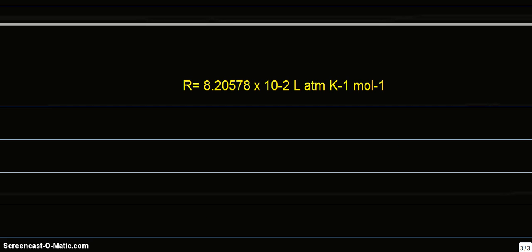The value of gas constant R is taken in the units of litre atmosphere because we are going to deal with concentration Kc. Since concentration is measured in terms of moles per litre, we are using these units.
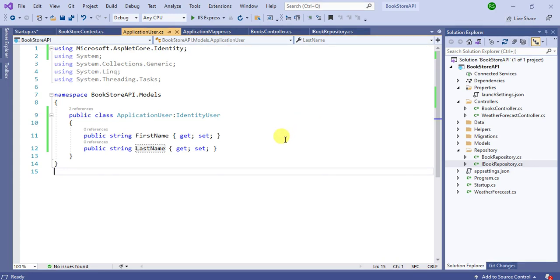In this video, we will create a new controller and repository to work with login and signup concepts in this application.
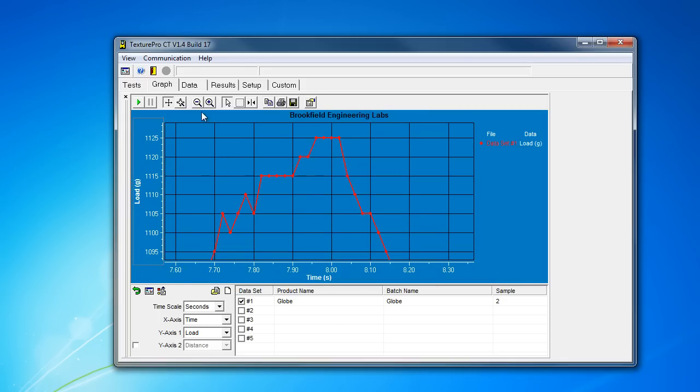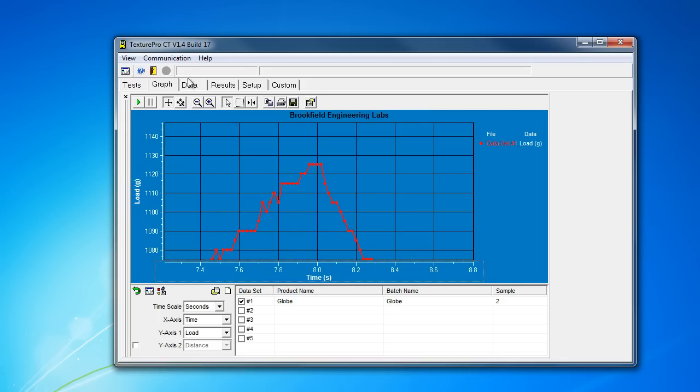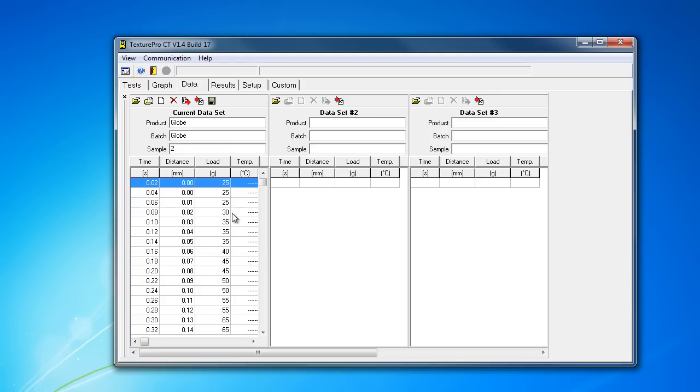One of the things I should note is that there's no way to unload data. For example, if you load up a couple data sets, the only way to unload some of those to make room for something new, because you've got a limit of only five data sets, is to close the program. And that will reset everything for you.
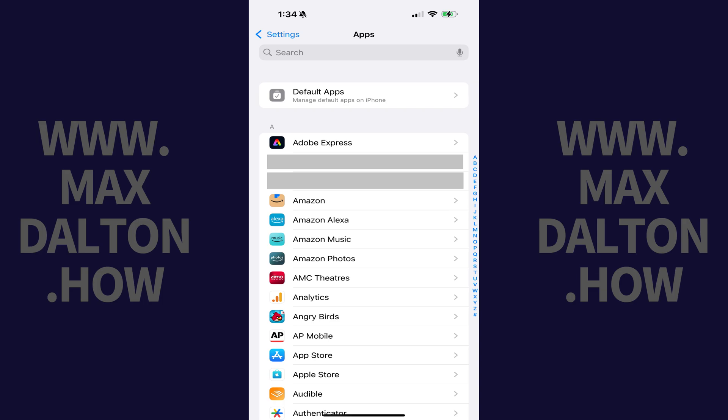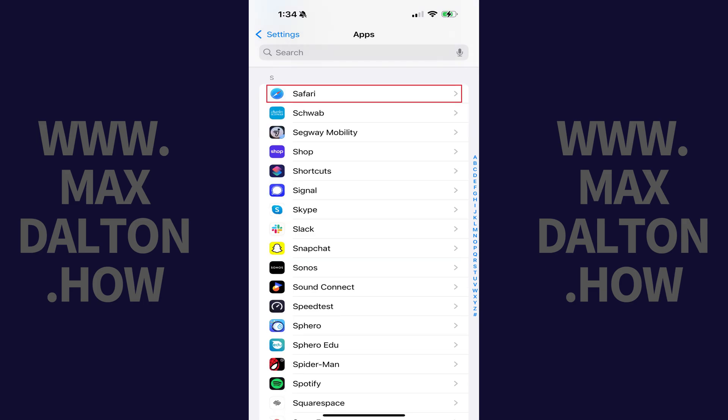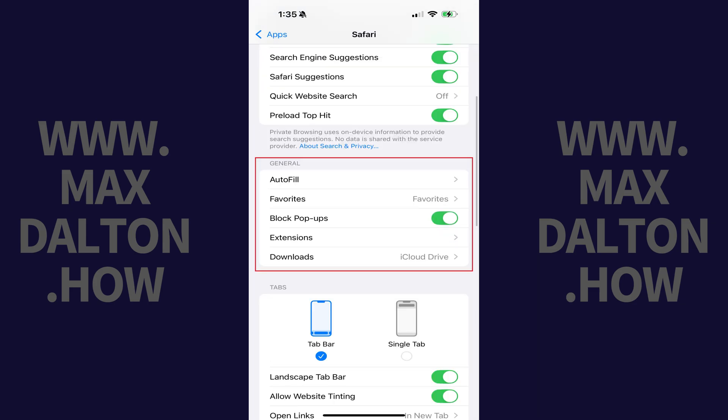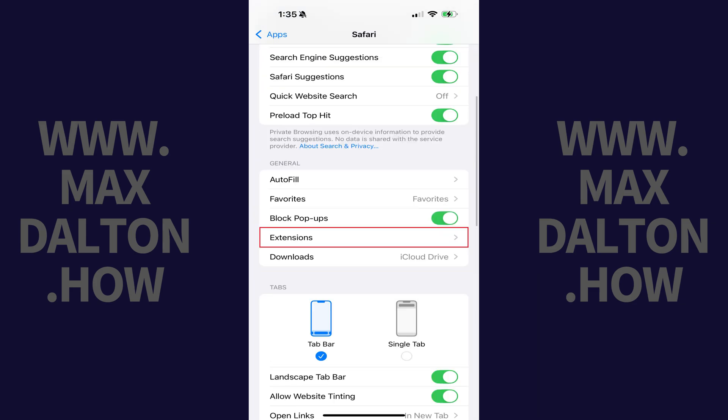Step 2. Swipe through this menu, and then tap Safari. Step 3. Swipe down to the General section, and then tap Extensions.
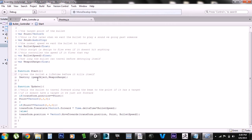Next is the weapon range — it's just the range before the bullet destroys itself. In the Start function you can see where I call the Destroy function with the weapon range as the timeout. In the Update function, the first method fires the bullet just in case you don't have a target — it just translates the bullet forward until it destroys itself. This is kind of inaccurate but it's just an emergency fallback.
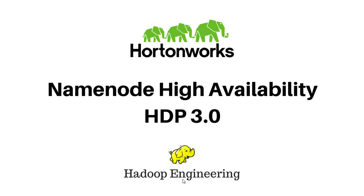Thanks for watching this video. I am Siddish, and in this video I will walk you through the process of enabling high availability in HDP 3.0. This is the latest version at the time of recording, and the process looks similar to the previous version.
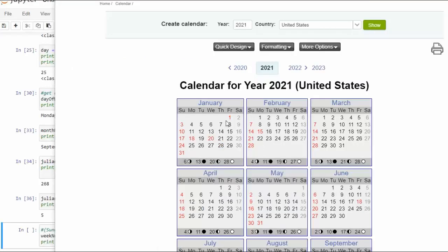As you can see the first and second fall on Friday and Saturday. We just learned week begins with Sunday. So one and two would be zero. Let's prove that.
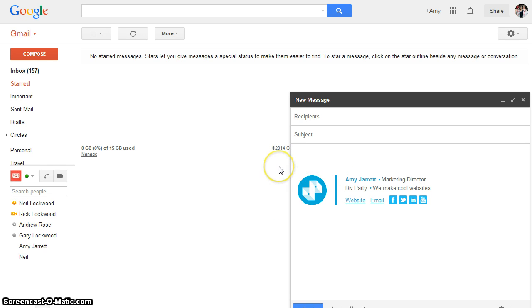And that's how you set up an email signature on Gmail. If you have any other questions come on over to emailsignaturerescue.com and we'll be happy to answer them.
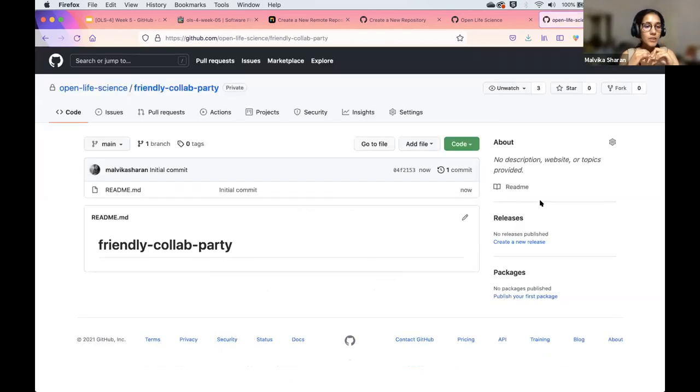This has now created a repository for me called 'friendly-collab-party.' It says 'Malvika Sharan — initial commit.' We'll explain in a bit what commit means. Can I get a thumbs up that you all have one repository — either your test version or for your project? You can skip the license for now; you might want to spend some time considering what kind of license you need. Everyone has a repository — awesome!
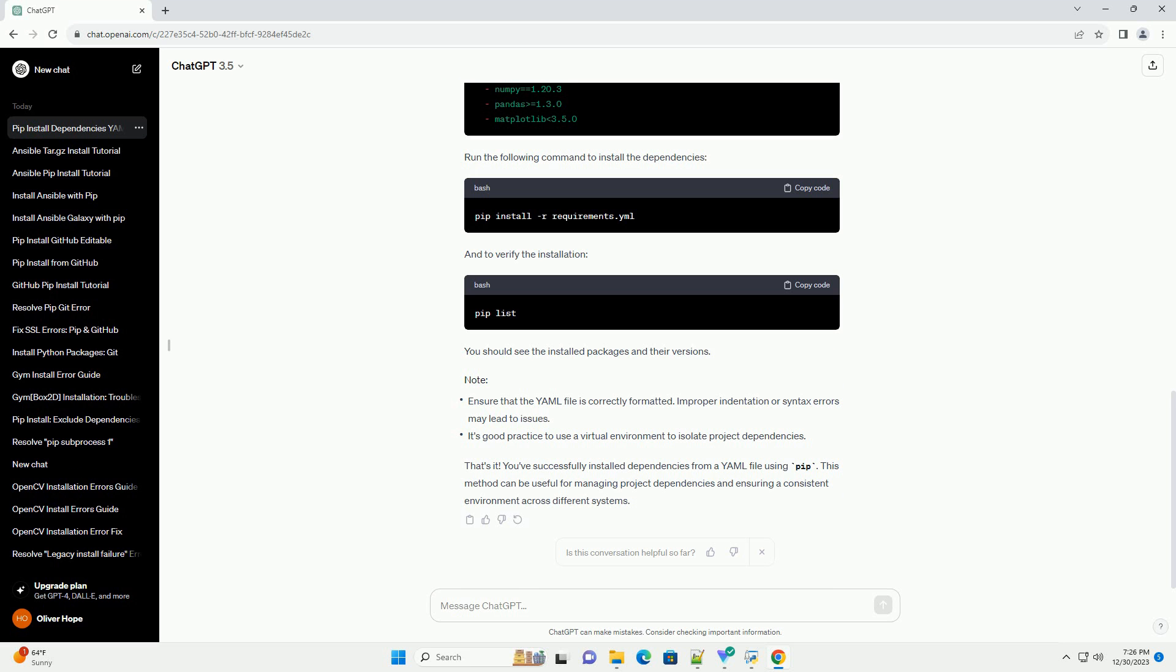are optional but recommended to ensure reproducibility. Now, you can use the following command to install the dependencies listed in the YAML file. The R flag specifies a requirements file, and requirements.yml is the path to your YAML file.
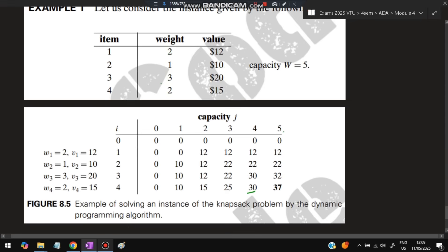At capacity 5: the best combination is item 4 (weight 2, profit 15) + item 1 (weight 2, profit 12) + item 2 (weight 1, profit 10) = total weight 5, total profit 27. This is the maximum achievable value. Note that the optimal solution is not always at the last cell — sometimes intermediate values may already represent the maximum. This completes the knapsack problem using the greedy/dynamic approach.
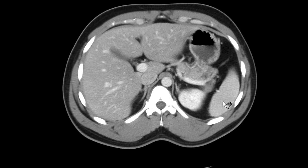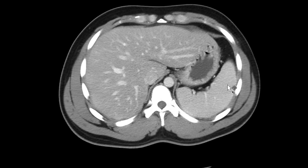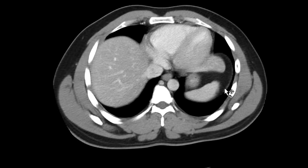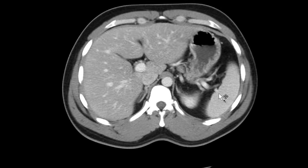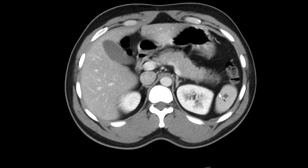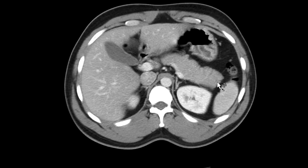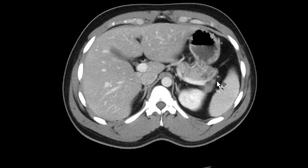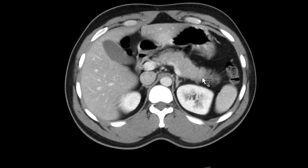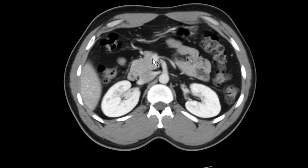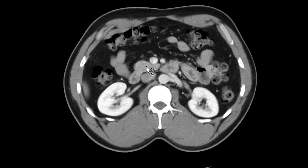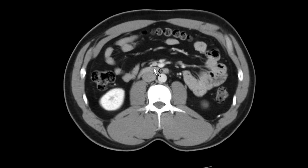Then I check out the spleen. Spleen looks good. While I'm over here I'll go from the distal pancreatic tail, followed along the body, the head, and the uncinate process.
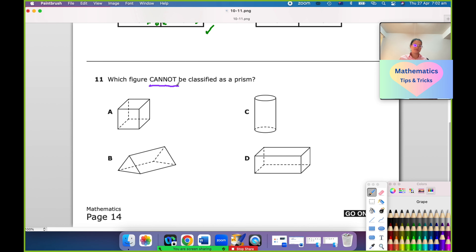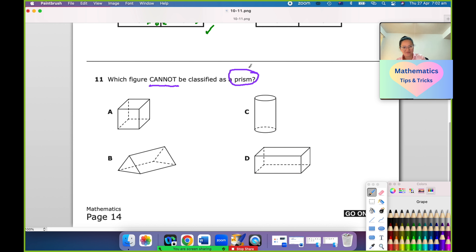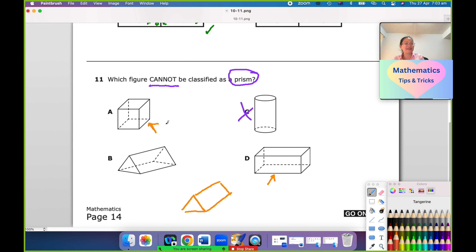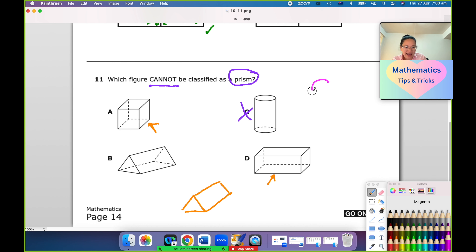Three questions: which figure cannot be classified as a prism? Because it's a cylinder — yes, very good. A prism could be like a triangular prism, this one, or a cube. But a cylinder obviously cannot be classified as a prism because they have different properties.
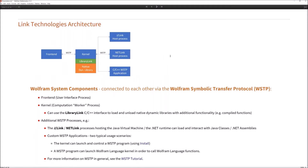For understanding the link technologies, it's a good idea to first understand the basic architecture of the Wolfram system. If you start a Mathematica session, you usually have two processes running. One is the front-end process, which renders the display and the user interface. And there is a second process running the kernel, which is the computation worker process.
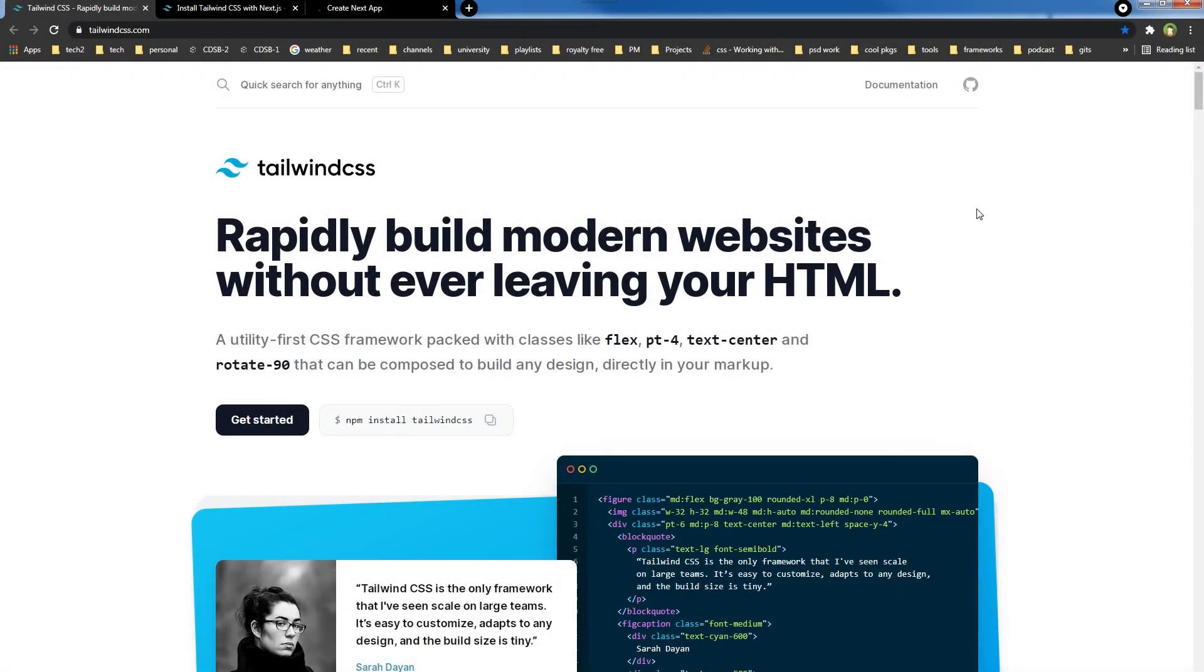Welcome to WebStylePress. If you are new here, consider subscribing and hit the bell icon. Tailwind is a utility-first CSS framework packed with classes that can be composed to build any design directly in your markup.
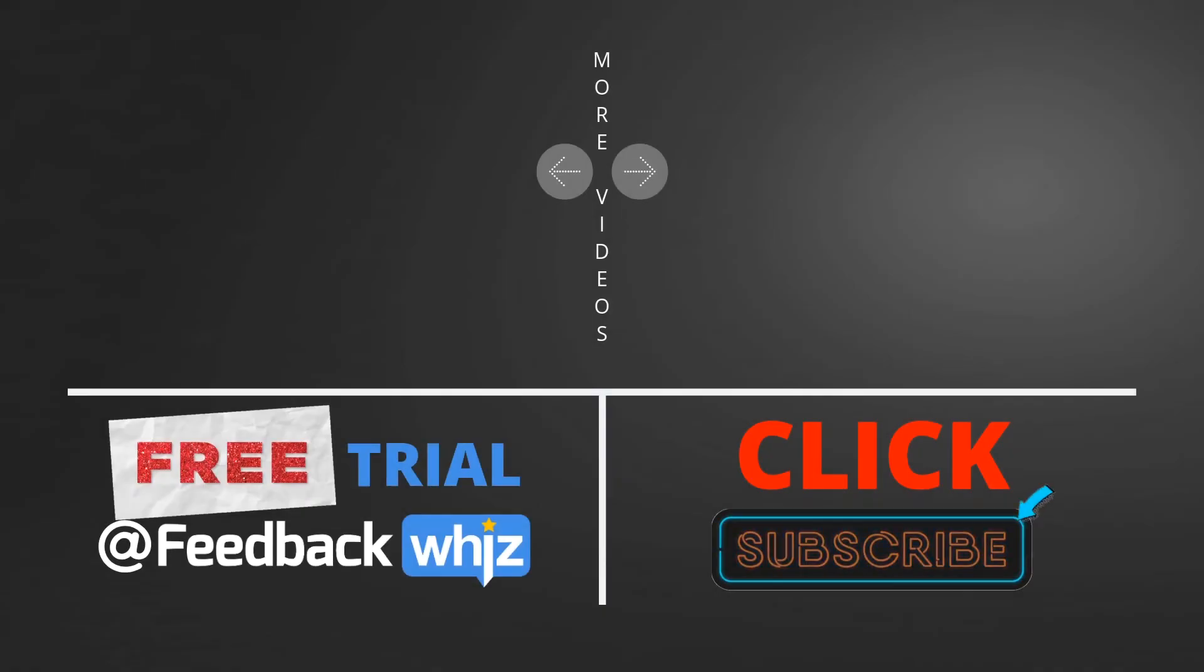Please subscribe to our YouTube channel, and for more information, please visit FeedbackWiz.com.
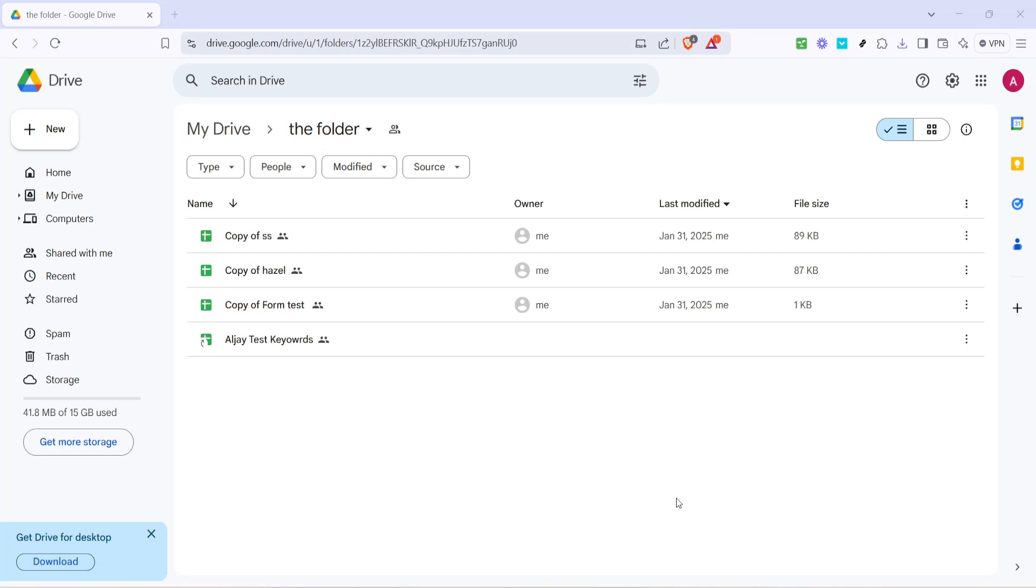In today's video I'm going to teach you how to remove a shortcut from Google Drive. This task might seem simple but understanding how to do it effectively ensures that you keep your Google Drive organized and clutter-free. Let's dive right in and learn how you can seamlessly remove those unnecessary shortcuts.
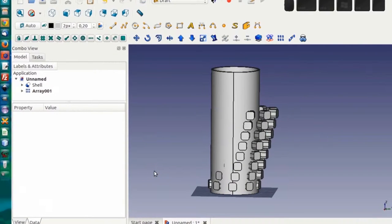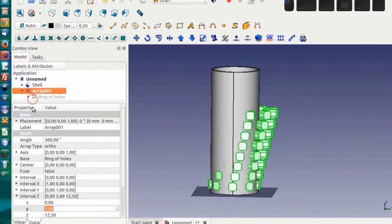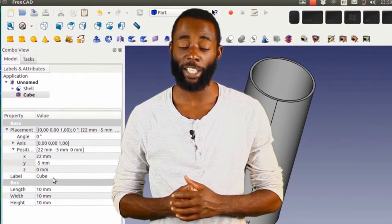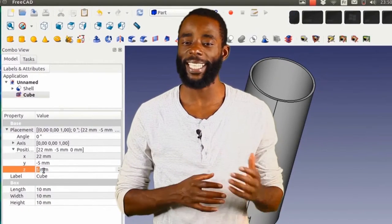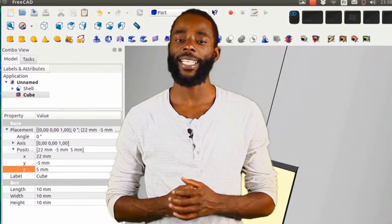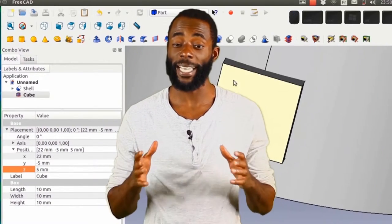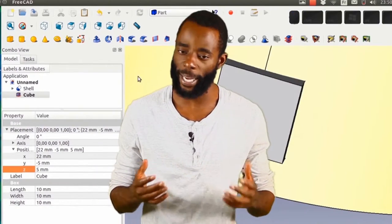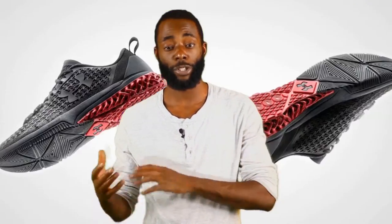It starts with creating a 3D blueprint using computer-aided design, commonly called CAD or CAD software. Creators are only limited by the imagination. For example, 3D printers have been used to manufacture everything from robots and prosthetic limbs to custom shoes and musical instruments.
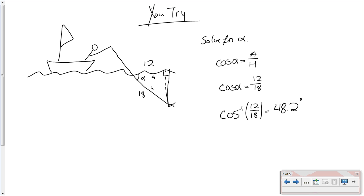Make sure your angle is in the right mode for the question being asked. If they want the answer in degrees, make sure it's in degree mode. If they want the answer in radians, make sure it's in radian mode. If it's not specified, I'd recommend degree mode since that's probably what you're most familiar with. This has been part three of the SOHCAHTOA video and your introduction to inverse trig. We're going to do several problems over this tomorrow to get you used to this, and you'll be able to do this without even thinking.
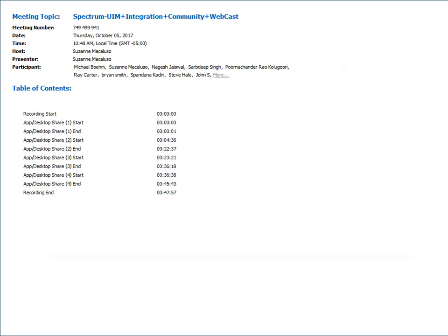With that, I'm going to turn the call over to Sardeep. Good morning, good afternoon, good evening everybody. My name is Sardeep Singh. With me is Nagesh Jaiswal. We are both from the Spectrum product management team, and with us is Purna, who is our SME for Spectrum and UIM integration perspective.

■ Problem details ■
All of the material is to be reproduced verbatim, pictures excluded.

■ Result ■
The value of gas constant R is taken in the units of litre atmosphere because we are going to deal with concentration Kc. Since concentration is measured in terms of moles per litre, we are using these units.
In this video, we will create a new controller and repository to work with login and signup concepts in this application.
One of the things I should note is that there's no way to unload data. For example, if you load up a couple data sets, the only way to unload some of those to make room for something new, because you've got a limit of only five data sets, is to close the program. And that will reset everything for you.
Step 2. Swipe through this menu, and then tap Safari. Step 3. Swipe down to the General section, and then tap Extensions.
Next is the weapon range — it's just the range before the bullet destroys itself. In the Start function you can see where I call the Destroy function with the weapon range as the timeout. In the Update function, the first method fires the bullet just in case you don't have a target — it just translates the bullet forward until it destroys itself. This is kind of inaccurate but it's just an emergency fallback.
Thanks for watching this video. I am Siddish, and in this video I will walk you through the process of enabling high availability in HDP 3.0. This is the latest version at the time of recording, and the process looks similar to the previous version.
As you can see the first and second fall on Friday and Saturday. We just learned week begins with Sunday. So one and two would be zero. Let's prove that.
And that's how you set up an email signature on Gmail. If you have any other questions come on over to emailsignaturerescue.com and we'll be happy to answer them.
This has now created a repository for me called 'friendly-collab-party.' It says 'Malvika Sharan — initial commit.' We'll explain in a bit what commit means. Can I get a thumbs up that you all have one repository — either your test version or for your project? You can skip the license for now; you might want to spend some time considering what kind of license you need. Everyone has a repository — awesome!
are optional but recommended to ensure reproducibility. Now, you can use the following command to install the dependencies listed in the YAML file. The R flag specifies a requirements file, and requirements.yml is the path to your YAML file.
At capacity 5: the best combination is item 4 (weight 2, profit 15) + item 1 (weight 2, profit 12) + item 2 (weight 1, profit 10) = total weight 5, total profit 27. This is the maximum achievable value. Note that the optimal solution is not always at the last cell — sometimes intermediate values may already represent the maximum. This completes the knapsack problem using the greedy/dynamic approach.
Then I check out the spleen. Spleen looks good. While I'm over here I'll go from the distal pancreatic tail, followed along the body, the head, and the uncinate process.
Three questions: which figure cannot be classified as a prism? Because it's a cylinder — yes, very good. A prism could be like a triangular prism, this one, or a cube. But a cylinder obviously cannot be classified as a prism because they have different properties.
For understanding the link technologies, it's a good idea to first understand the basic architecture of the Wolfram system. If you start a Mathematica session, you usually have two processes running. One is the front-end process, which renders the display and the user interface. And there is a second process running the kernel, which is the computation worker process.
Welcome to WebStylePress. If you are new here, consider subscribing and hit the bell icon. Tailwind is a utility-first CSS framework packed with classes that can be composed to build any design directly in your markup.
Please subscribe to our YouTube channel, and for more information, please visit FeedbackWiz.com.
In today's video I'm going to teach you how to remove a shortcut from Google Drive. This task might seem simple but understanding how to do it effectively ensures that you keep your Google Drive organized and clutter-free. Let's dive right in and learn how you can seamlessly remove those unnecessary shortcuts.
It starts with creating a 3D blueprint using computer-aided design, commonly called CAD or CAD software. Creators are only limited by the imagination. For example, 3D printers have been used to manufacture everything from robots and prosthetic limbs to custom shoes and musical instruments.
Make sure your angle is in the right mode for the question being asked. If they want the answer in degrees, make sure it's in degree mode. If they want the answer in radians, make sure it's in radian mode. If it's not specified, I'd recommend degree mode since that's probably what you're most familiar with. This has been part three of the SOHCAHTOA video and your introduction to inverse trig. We're going to do several problems over this tomorrow to get you used to this, and you'll be able to do this without even thinking.
With that, I'm going to turn the call over to Sardeep. Good morning, good afternoon, good evening everybody. My name is Sardeep Singh. With me is Nagesh Jaiswal. We are both from the Spectrum product management team, and with us is Purna, who is our SME for Spectrum and UIM integration perspective.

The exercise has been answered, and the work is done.